§ What is expected: Each line of the records needs to come back exactly as written.

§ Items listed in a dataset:
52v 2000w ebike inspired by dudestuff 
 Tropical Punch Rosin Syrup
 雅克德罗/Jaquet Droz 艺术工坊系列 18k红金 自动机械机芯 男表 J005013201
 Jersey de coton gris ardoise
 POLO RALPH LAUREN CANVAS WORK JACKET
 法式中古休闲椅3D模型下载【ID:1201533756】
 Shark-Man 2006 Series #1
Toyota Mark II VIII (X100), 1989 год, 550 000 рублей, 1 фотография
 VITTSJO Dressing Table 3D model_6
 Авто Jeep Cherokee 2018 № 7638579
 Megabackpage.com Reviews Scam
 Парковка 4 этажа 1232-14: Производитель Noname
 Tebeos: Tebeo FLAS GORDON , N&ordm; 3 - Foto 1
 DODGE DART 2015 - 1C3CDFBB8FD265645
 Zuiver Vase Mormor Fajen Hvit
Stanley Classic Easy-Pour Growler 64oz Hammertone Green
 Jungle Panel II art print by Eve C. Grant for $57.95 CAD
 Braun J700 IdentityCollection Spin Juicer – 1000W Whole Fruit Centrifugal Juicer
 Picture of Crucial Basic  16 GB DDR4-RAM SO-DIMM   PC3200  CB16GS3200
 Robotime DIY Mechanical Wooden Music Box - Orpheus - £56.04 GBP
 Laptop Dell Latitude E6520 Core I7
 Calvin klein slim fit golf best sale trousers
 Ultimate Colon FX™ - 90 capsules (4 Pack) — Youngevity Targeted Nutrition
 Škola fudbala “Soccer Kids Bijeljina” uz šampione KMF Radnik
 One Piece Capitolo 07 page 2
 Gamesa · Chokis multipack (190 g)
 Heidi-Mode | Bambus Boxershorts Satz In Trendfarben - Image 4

§ Written reply:
52v 2000w ebike inspired by dudestuff 
 Tropical Punch Rosin Syrup
 雅克德罗/Jaquet Droz 艺术工坊系列 18k红金 自动机械机芯 男表 J005013201
 Jersey de coton gris ardoise
 POLO RALPH LAUREN CANVAS WORK JACKET
 法式中古休闲椅3D模型下载【ID:1201533756】
 Shark-Man 2006 Series #1
Toyota Mark II VIII (X100), 1989 год, 550 000 рублей, 1 фотография
 VITTSJO Dressing Table 3D model_6
 Авто Jeep Cherokee 2018 № 7638579
 Megabackpage.com Reviews Scam
 Парковка 4 этажа 1232-14: Производитель Noname
 Tebeos: Tebeo FLAS GORDON , N&ordm; 3 - Foto 1
 DODGE DART 2015 - 1C3CDFBB8FD265645
 Zuiver Vase Mormor Fajen Hvit
Stanley Classic Easy-Pour Growler 64oz Hammertone Green
 Jungle Panel II art print by Eve C. Grant for $57.95 CAD
 Braun J700 IdentityCollection Spin Juicer – 1000W Whole Fruit Centrifugal Juicer
 Picture of Crucial Basic  16 GB DDR4-RAM SO-DIMM   PC3200  CB16GS3200
 Robotime DIY Mechanical Wooden Music Box - Orpheus - £56.04 GBP
 Laptop Dell Latitude E6520 Core I7
 Calvin klein slim fit golf best sale trousers
 Ultimate Colon FX™ - 90 capsules (4 Pack) — Youngevity Targeted Nutrition
 Škola fudbala “Soccer Kids Bijeljina” uz šampione KMF Radnik
 One Piece Capitolo 07 page 2
 Gamesa · Chokis multipack (190 g)
 Heidi-Mode | Bambus Boxershorts Satz In Trendfarben - Image 4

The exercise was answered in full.